Hulu revealed its plans for an eight-part limited series this past May, and this morning, Green announced on Twitter that the series will star Charlie Plummer (Boardwalk Empire) as main character Miles, and Kristine Froseth (Sierra Burgess Is a Loser) as the eponymous, mysterious girl who captures his attention during his first year at boarding school in Alabama.
“I spoke to Kristine and Charlie on the phone yesterday and it was really special to have a conversation with the people who will become Miles and Alaska,” Green wrote. “I’m so grateful to them and to everyone involved with the Looking for Alaska series. It’s all starting to feel very real!”
Subscribe for daily Tubefilter Top Stories
In the Looking for Alaska @hulu series, Alaska will be played by Kristine Froseth (kristine_froseth on instagram), and Miles will be played by Charlie Plummer (@charliefplummer here and on instagram–but mostly on instagram).

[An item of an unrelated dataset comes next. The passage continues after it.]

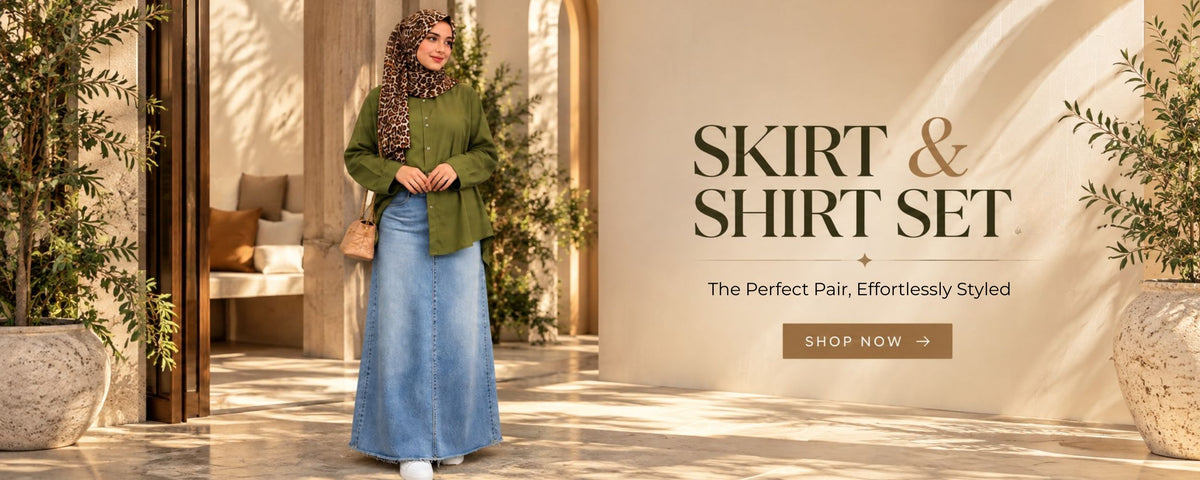 Promotional banner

— John Green (@johngreen) October 30, 2018
Looking for Alaska has been in development on and off since Paramount Pictures bought the film rights from Green in 2005. In 2015, Paramount announced that Scott Neustadter and Michael H. Weber, the screenwriters behind both Fault and Paper Towns, would be the ones to adapt Alaska. But in 2016, groundwork for the adaptation had apparently fizzled. Green tweeted that Paramount had to his knowledge “no plans to make a film.”
“Paramount refuses to sell [the rights] back to me for any price,” he added. “You’d have to ask them why.”
Paramount obviously changed its mind in the past two years, since Hulu’s adaptation will be produced by Paramount Television. Fake Empire Productions, whose co-founder Josh Schwartz wrote Alaska’s pilot, will also produce. Schwartz, who was reportedly the one to re-pitch the adaptation as a series rather than a film, will executive produce and showrun.
Two of Green’s other books, The Fault in Our Stars and Paper Towns, have been adapted into movies. Both did very well at the box office, grossing $307 million against a $12 million budget, and $85 million, also against a $12 million budget, respectively.